#### Records to use:
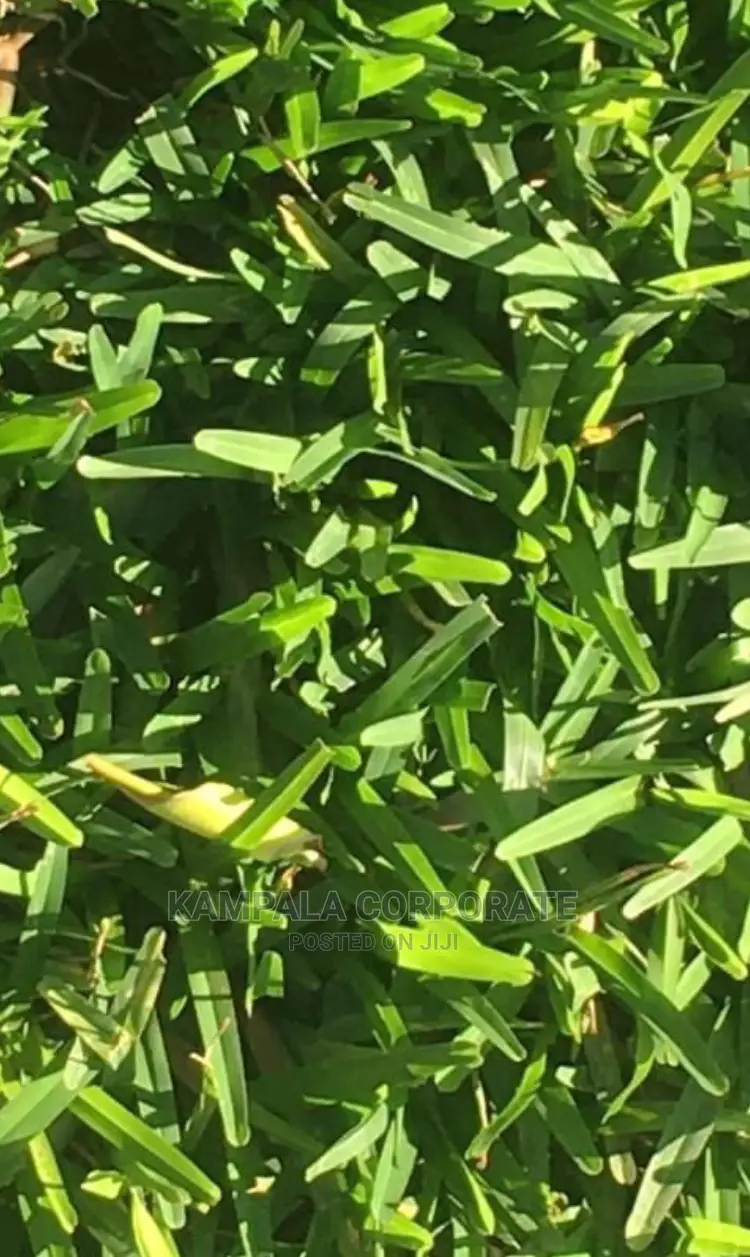 Compound Grass Offer Free Planting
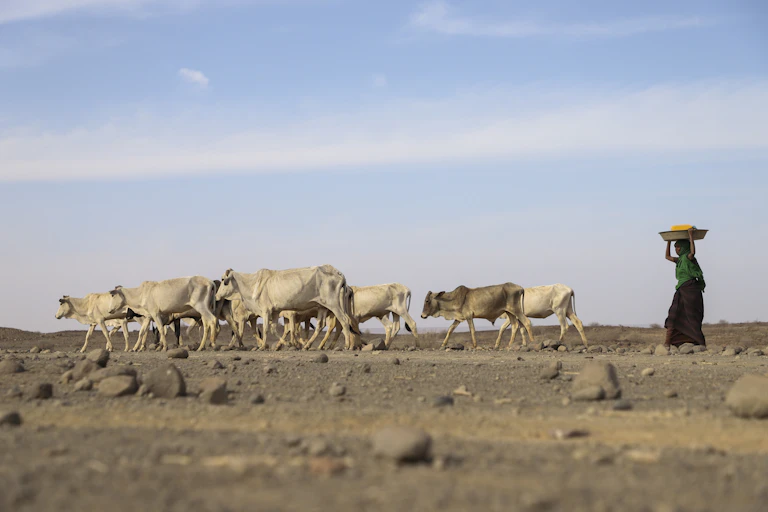 A woman follows skinny, drought-affected livestock on dry land
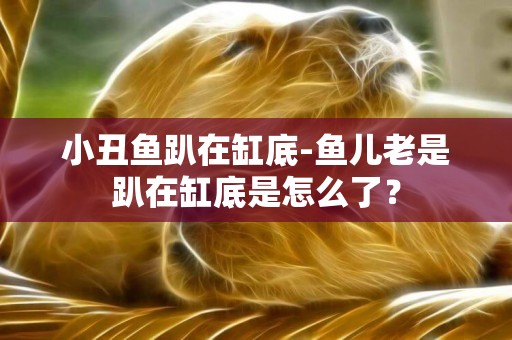 小丑魚趴在缸底-魚兒老是趴在缸底是怎么了？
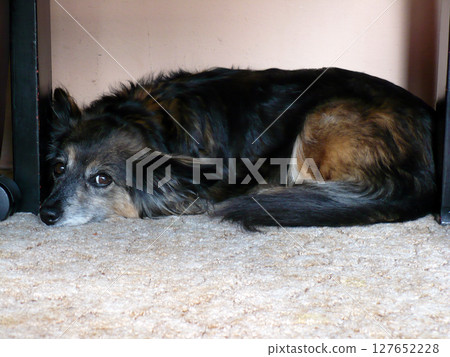 abandoned lonely dog lies sad mongrel on carpet 127652228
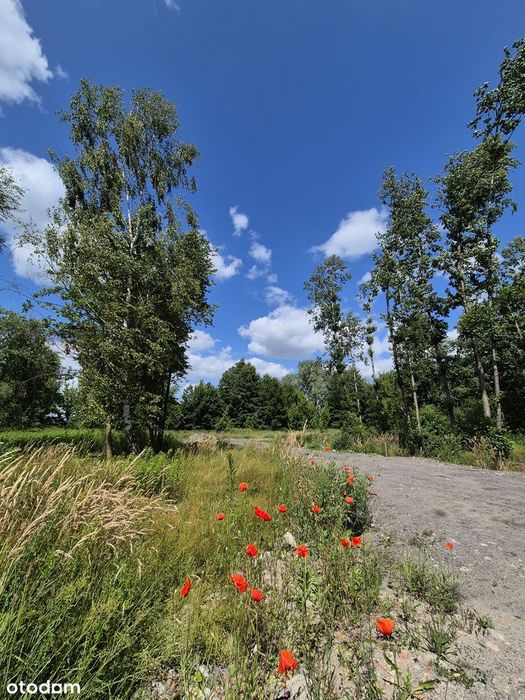 Juliopol - nowe osiedle w pięknym leśnym otoczeniu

#### What the task asks:
Leaving every picture aside, repeat the listing exactly.

#### Response to this task:
 Compound Grass Offer Free Planting
 A woman follows skinny, drought-affected livestock on dry land
 小丑魚趴在缸底-魚兒老是趴在缸底是怎么了？
 abandoned lonely dog lies sad mongrel on carpet 127652228
 Juliopol - nowe osiedle w pięknym leśnym otoczeniu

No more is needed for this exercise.